Generally speaking, most large corporations are doing very well financially and their executives’ compensation packages are breaking records after records.  But when corporations face business downturns or financial difficulties, the easiest course of action for them seems to be to cut their workforce to reduce the costs, the very people who were supposed to be the backbone of their operations. Some corporations do show empathy to their affected employees and take steps to reduce the pain but for many others, their employees are simply dispensable in the course of business.

In other cases, corporations have gone into bankruptcies after improprieties were discovered such as fraudulent accounting methods to artificially raise share prices, hiding of big losses by the executives, risky investments, unrealistic forecasts of sales and revenues, internal corruption, and in some cases outright stealing of funds by company executives.  At other times corporations mismanaged their affairs by sometimes making decisions that benefited executives personally but did not align with broader stakeholder interests.  Large corporations such as Enron, Swissair, WorldCom, Nortel, Lehman Brothers, and several small and medium-sized banks fall into this category.

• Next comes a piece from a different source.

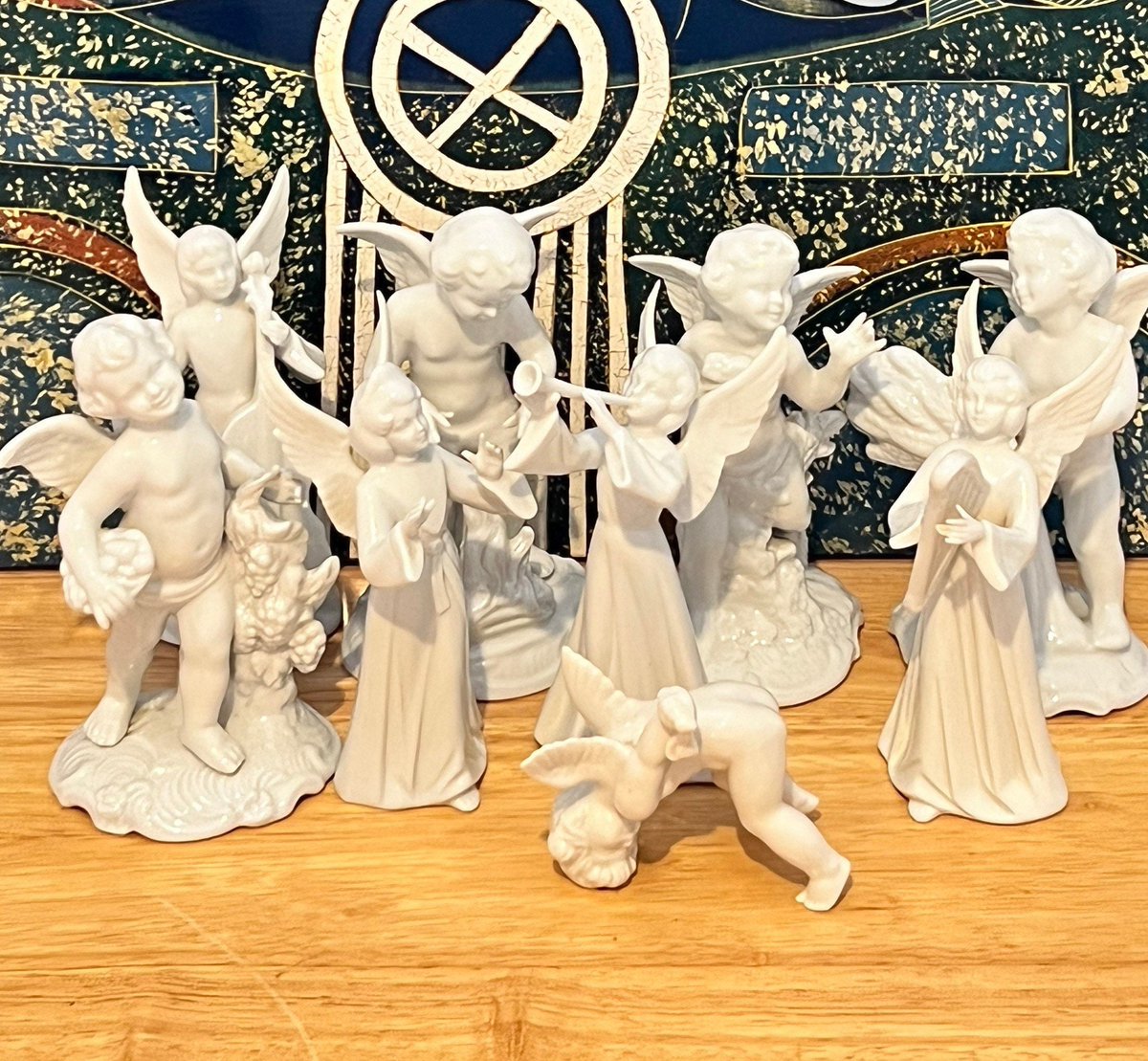 loveretrocrafts's tweet photo. Vintage German Dresden porcelain angels and cherub figures, Porcelain Dresden porcelain figurines, lot of 9 Uniquely designed figures https://t.co/e6tuLYhvZv #white #anniversary #christmas #midcenturymodern #facebo https://t.co/A2Ax4FH9Rq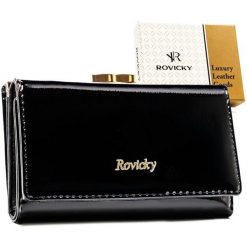 Czarny portfel damski z lakierowanej skóry naturalnej zamykany na zatrzask i bigiel - Rovicky. Czarne portfele ROVICKY, bez wzorów, ze skóry. Za 99.99 zł.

They just disappeared from the corporate landscape leaving behind massive losses for their shareholders, creditors, and thousands of employees out of work.

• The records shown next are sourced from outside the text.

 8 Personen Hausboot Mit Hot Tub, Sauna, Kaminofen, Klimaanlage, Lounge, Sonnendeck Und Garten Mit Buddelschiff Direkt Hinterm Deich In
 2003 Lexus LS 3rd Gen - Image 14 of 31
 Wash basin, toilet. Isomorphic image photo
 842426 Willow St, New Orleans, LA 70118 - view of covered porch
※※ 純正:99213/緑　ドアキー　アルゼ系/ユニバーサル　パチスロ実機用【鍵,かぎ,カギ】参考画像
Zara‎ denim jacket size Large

Companies should clearly articulate their values emphasizing the importance of ethical behavior and social responsibility.  Universities and institutions can play an important role by integrating business ethics education into business school curricula and corporate training programs to raise awareness about the importance of ethical decision-making.

Some corporations have become so big that their failure would affect not just their shareholders, employees, and other stakeholders but the overall economy at large, forcing the governments no choice but to intervene. For example, in 2008, the North American automotive industry faced severe business decline due to a combination of factors affecting the economy.  This eventually forced the two big automakers – General Motors and Chrysler – to file for bankruptcy protection.  They were eventually bailed out by a massive rescue package offered by the US and Canadian governments. Ironically, even in those dark days, the executives of these corporations did not show any humility in their lifestyle. They were grilled at Congressional hearings when it was disclosed that they traveled in private luxurious jets and stayed in five-star hotels when they arrived in Washington to plead for the government handout.

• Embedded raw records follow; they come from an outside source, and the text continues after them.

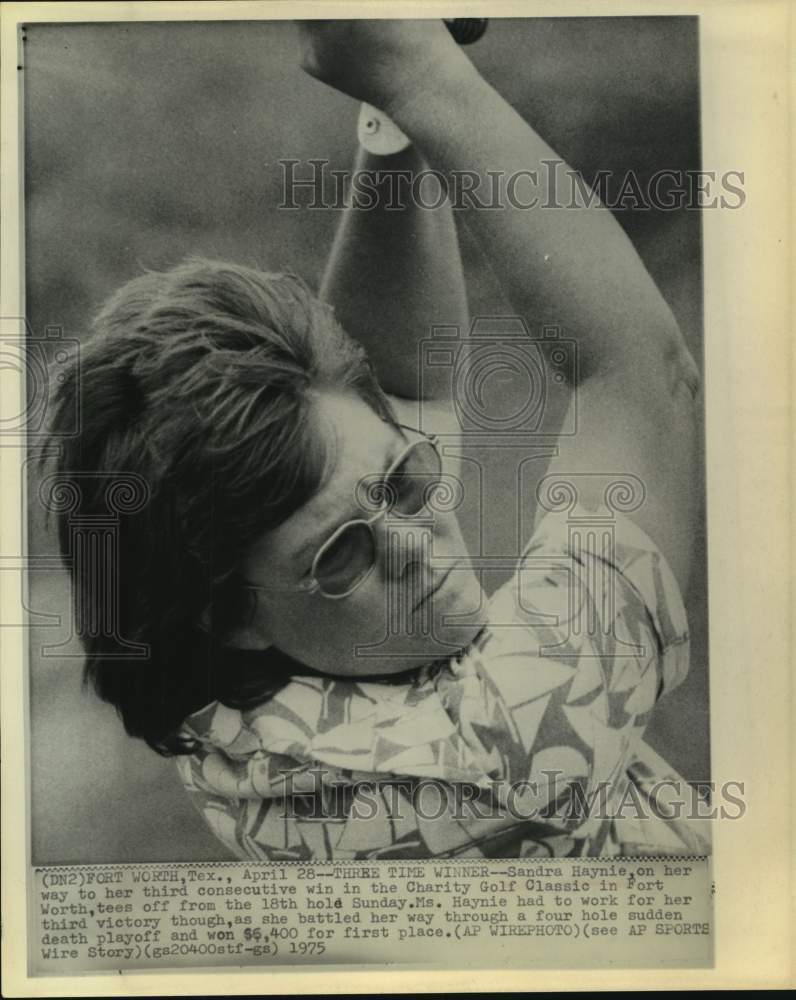 1975 Press Photo Sandra Haynie competes in the Charity Golf Classic, Fort Worth- Historic Images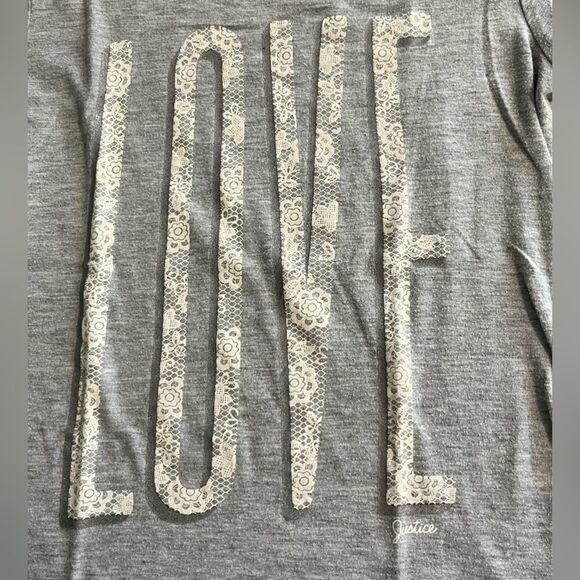 🌴 Justice LOVE written in lace Graphic Tee Girls 8 Grey - Picture 4 of 7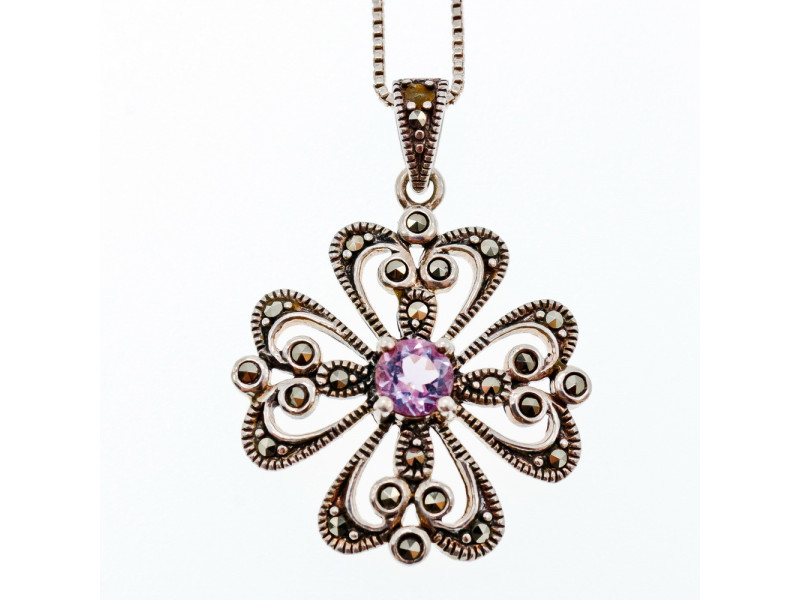 Серебряная цепочка с кулоном фиолетовый Турмалин и черный Нефрит Sky Jewelry 001403
Серебряная цепочка с кулоном фиолетовый Турмалин и черный Нефрит Sky Jewelry 001403
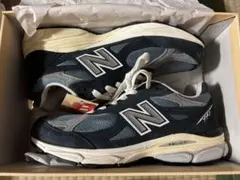 New Balance 990V3 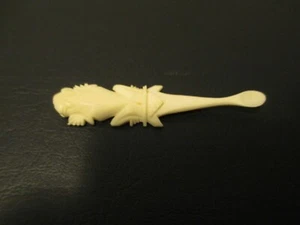WASSERBÜFFELKNOCHEN VINTAGE ANTIKER MICRO MINI LÖFFEL FROSCH KRÖTE SCHMUCK CHARM - NR - Bild 1 von 3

Combating corporate greed may involve a combination of regulatory measures, changes in corporate culture, and shifts in societal attitudes. Corporations must adopt an industry-wide code of conduct and implement and enforce strong corporate governance standards to ensure that they are managed in the best interests of all stakeholders, not just shareholders. 

They must change corporate culture by promoting ethical leadership at all levels of a company. Companies should clearly articulate their values emphasizing the importance of ethical behavior and social responsibility.  Universities and institutions can play an important role by integrating business ethics education into business school curricula and corporate training programs to raise awareness about the importance of ethical decision-making. Corporate accountability must be an integral part of corporate governance. Corporations must improve transparency by enhancing disclosure requirements, making it easier for stakeholders to understand a company's practices, including its social and environmental impact.

Corporations risk consumers' wrath if they don’t clean up their act. They should not underestimate the power of consumer activism.  Thanks to social media it is now easier than ever for consumers to organize and take targeted action against offenders.  The calls for economic justice are getting louder and louder.